Data shown:
┄┄┄┄┄┄┄┄┄┄┄┄┄┄┄┄┄┄┄┄
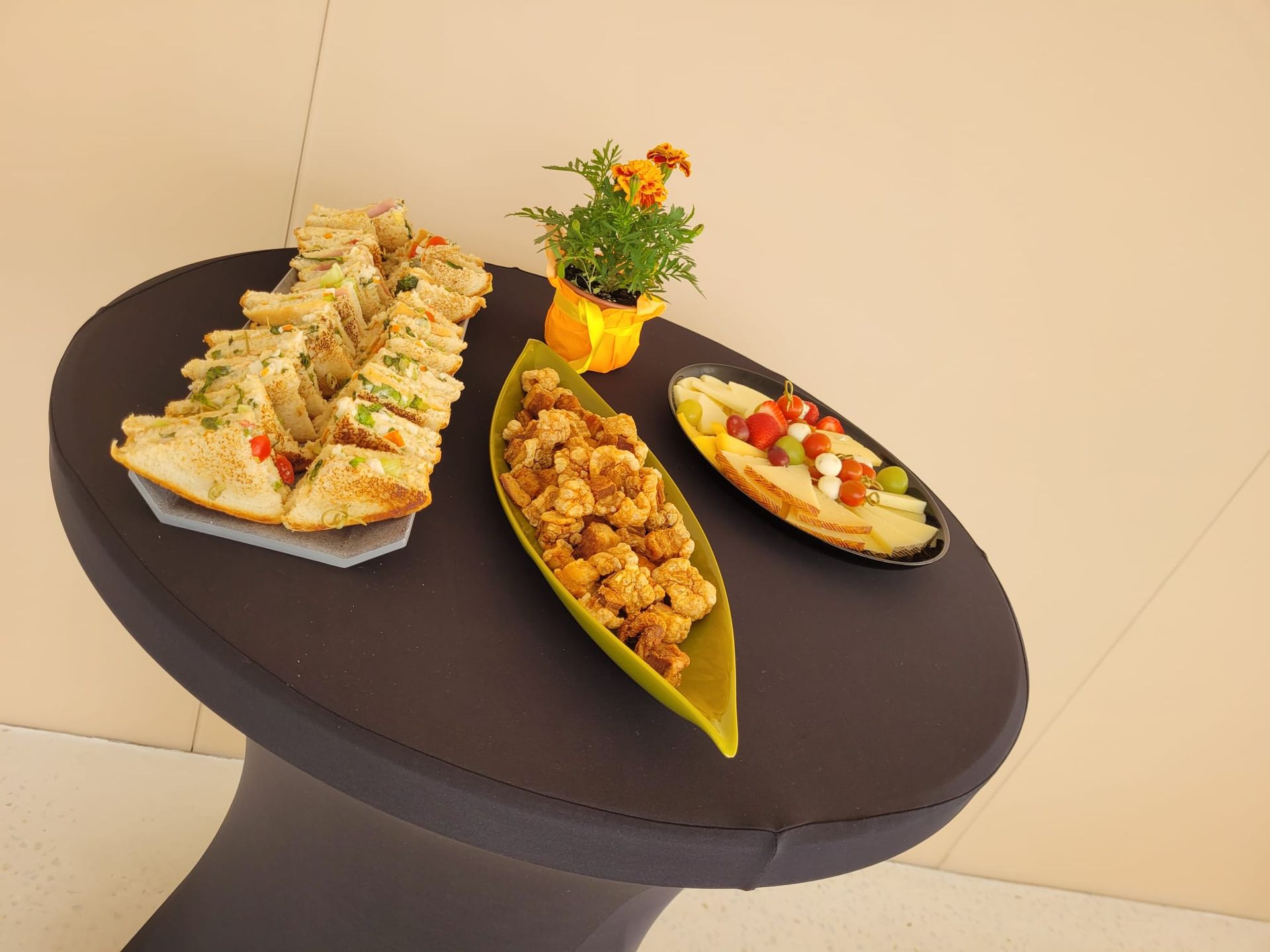 Mesa pequeña con aperitivos: bocadillos, frituras, fruta y una pequeña planta en maceta.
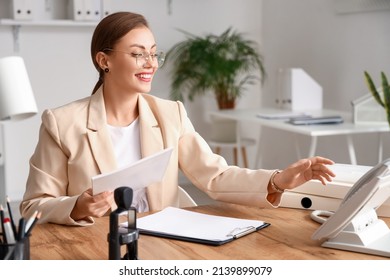 Female Notary Public Working In Office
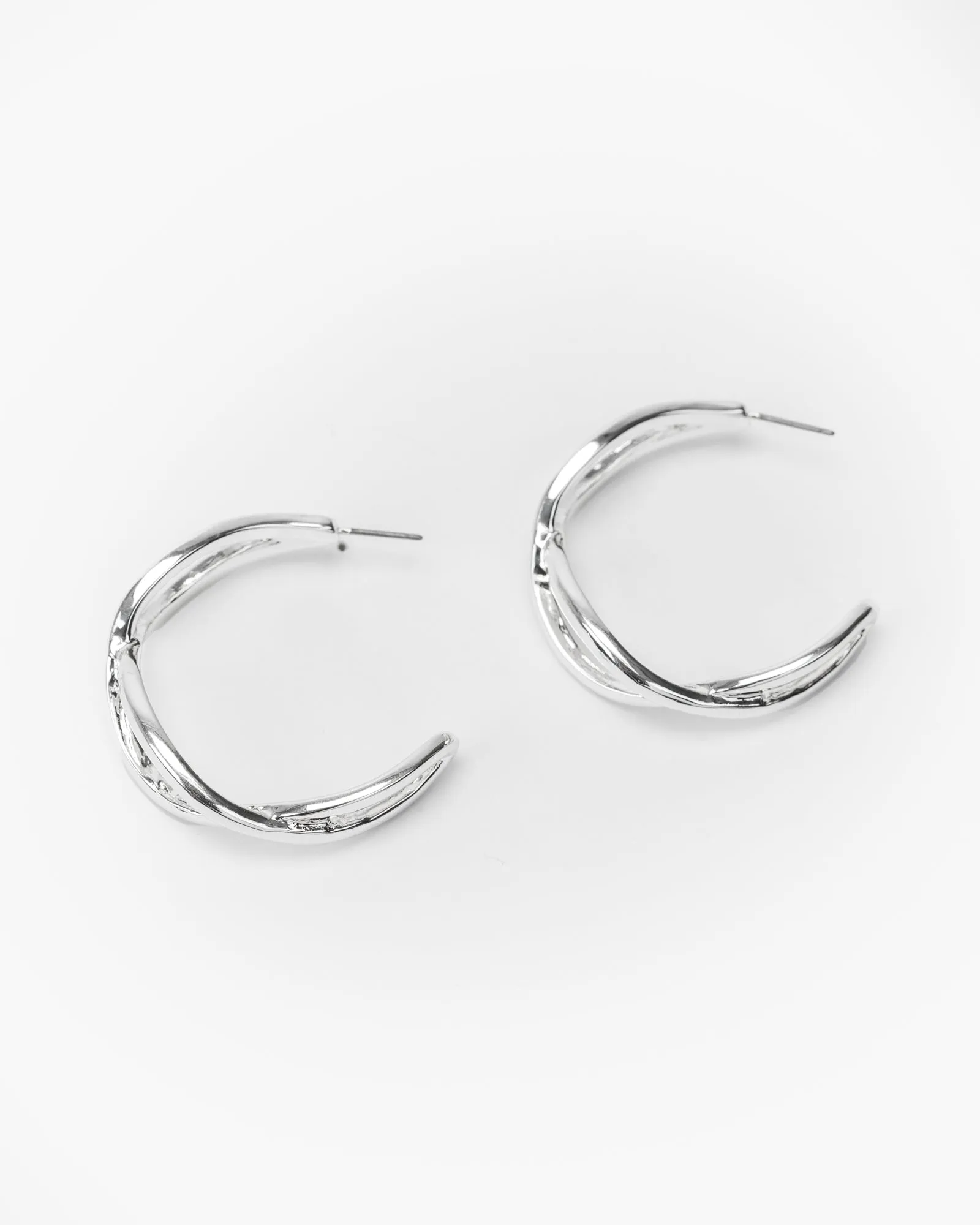 Silver Light Twist Hoop Earrings sold by Collete Hayman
┄┄┄┄┄┄┄┄┄┄┄┄┄┄┄┄┄┄┄┄
Directions for this task: Could you set down the data exactly as given, minus its pictures?

Exercise output:
 Mesa pequeña con aperitivos: bocadillos, frituras, fruta y una pequeña planta en maceta.
 Female Notary Public Working In Office
 Silver Light Twist Hoop Earrings sold by Collete Hayman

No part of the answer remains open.